That’s not quite right though, there’s the factor you know (password to your vault), and the factor you have (a copy of the encrypted vault).

Admittedly, I don’t use that feature either, but, it’s not as bad as it seems at first glance.

[–] [email protected] 3 points 11 months ago* (last edited 11 months ago) (4 children)

That’s not quite right though, there’s the factor you know (password to your vault), and the factor you have (a copy of the encrypted vault).

That would be true for offline vaults, but for services hosted on internet I don't think so. Assuming the victim does not use 2FA on their Bitwarden account, all an attacker needs is the victim's credentials (email and password). Once you present the factor you know, the vault is automatically downloaded from their services.

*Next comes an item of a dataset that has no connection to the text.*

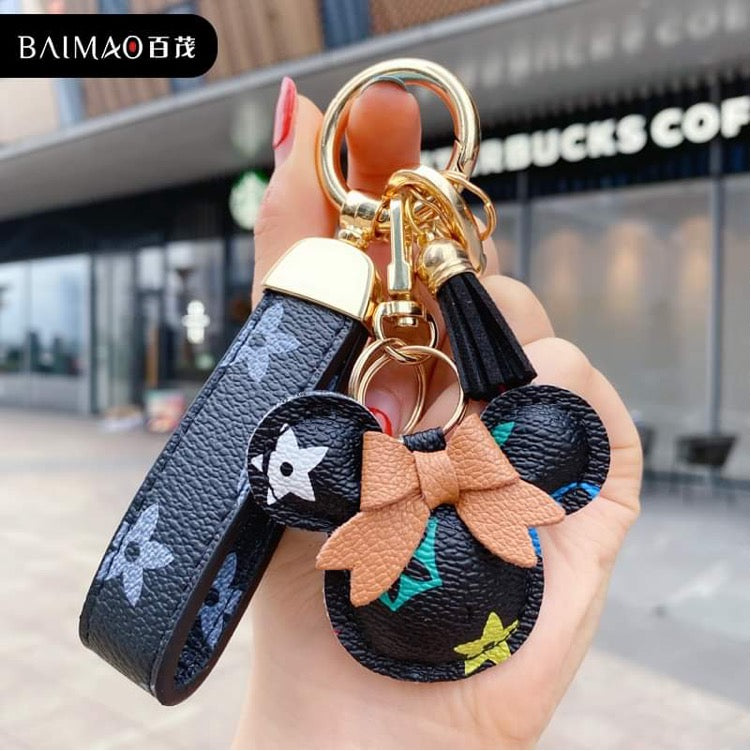 MOUSE KEYCHAINS RTS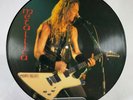 Metallica Limited Edition Interview Picture Disc LP | 1987 Aardschok Festival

This is something I hadn't thought until know, but I guess password managers might(?) change the factor type from something you know (the password in your head) to something you have (the vault). At which point, if you have 2FA enabled on other services, you are authenticating with 2 things you have, the vault and your phone.

[–] [email protected] 4 points 11 months ago (2 children)

Assuming the victim does not use 2FA on their Bitwarden account

A pretty tall assumption given that we're already talking about someone who knows to turn on 2FA for other things. If someone knows about 2FA and password managers, they'd be insane not to have 2FA set up on the password manager itself.

[–] [email protected] 2 points 11 months ago* (last edited 11 months ago) (1 children)

That's a fair point. I just wanted to highlight that there may be cases where a password manager isn't automatically protected by 2FA by the two factors you mentioned (The password you know and the copy of the vault) since in the case of bitwarden fulfilling one can give you the second. In order to actually achieve 2FA in this case, you would need to enable OTPs.

[–] [email protected] 2 points 11 months ago

Certainly fair.

And yeah, I personally use Bitwarden with 2FA on the Bitwarden account, but don't store any 2FA tokens in Bitwarden, handling them all separately. Don't want all the eggs in one basket.

Though given I have fingerprint access on phone and computer for bitwarden, i suppose that one basket is my finger. But if someone is taking my finger, I've got more immediate concerns than my passwords.